— Task prompt —
Return the lines from the one containing "Aristocrat Medium Sized Suitcase Brand New" to the end of the material, both end lines included, exactly and with nothing else.

↓↓↓

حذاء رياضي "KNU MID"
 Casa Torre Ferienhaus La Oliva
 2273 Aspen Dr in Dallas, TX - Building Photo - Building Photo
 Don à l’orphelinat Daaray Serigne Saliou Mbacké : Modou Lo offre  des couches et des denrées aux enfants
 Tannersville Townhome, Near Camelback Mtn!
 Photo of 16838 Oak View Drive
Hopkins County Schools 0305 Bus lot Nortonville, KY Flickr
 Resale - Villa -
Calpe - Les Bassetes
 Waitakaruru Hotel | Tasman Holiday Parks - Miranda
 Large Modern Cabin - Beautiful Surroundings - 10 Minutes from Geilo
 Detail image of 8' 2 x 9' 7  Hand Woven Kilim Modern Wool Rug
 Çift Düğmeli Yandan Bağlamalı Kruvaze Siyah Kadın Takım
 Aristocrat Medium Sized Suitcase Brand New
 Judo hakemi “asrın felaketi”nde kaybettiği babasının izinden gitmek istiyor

↑↑↑

— Completed exercise —
 Aristocrat Medium Sized Suitcase Brand New
 Judo hakemi “asrın felaketi”nde kaybettiği babasının izinden gitmek istiyor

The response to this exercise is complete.